Monday, August 07, 2006
PROS & CONS OF STRAIGHTJACKETS
Monday. Again.
Book #2 is on hold as I put my nose to the grind-stone of deadlines on my Disney Channel movie. I have to turn in the rewrite by Friday and the wonderful feeling is - I see that happening (more important than "seeing" it happen, I know I will cross the finish line in time.)
Comparing the process of film and book writing is always a "grass is greener" scenario. When I'm book writing - I often long for the structure the films straightjacket me into; 3 major acts. 104(ish) pages. No scene longer than 3 or 4 pages. The writing can sometimes feel more mechanical, no less creative of course - just more like a watchmaker tinkering on a timepiece.
Of course, when writing the structured Swiss timepiece of a movie it is the book writing I dream of. Writing books (for me anyway) is the opposite: straightjacket off I am free to wander and discover things that when writing scripts I would easily overlook. I turned to books because I was tired of the constraints both TV and film put upon me. The page counts. The act breaks. The commercials!
But I am human.

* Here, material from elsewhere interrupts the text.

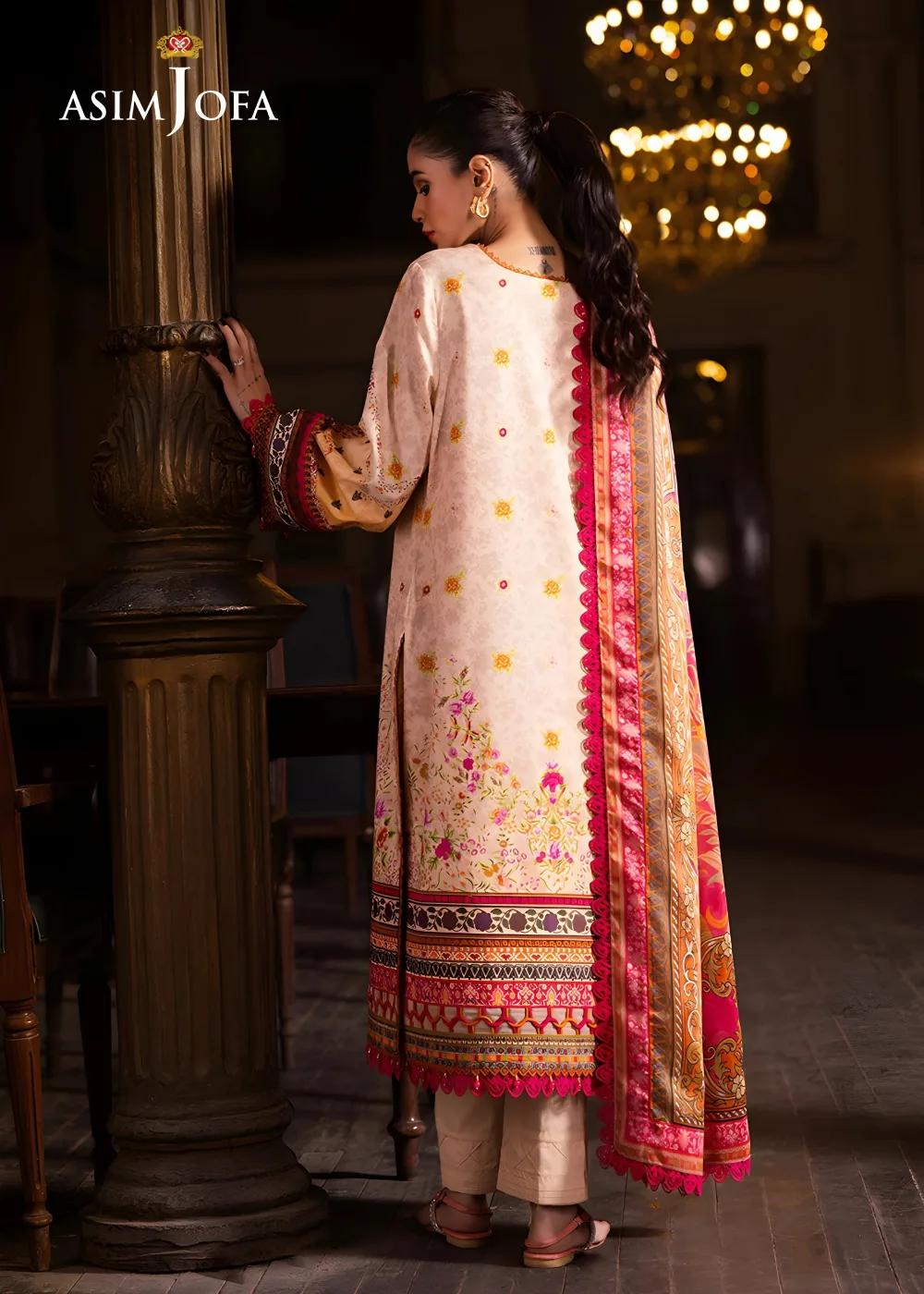 Asim Jofa 3-Piece Printed Embroidered Unstitched Luxury Lawn – AJUBJ-02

Which means I crave sweets and have the capacity to learn. Having both disciplines to bounce between gives me the chance to appreciate each form for the process it guides me with. Both structure and freedom are needed to get me through the twisted jungle of my brain. I find that ideas spring forth when I am terribly lost without the map - and sometimes are there when I need them because that's exactly what my map says I need right then.
That's what I'm thinking anyway. Time to get back to the straightjacket...so snug and warm it actually feels wonderful!
ps: Thanks to Cynthia Leitich Smith for a nice mention over at Cynsations where there is a great roundup of kid-lit info!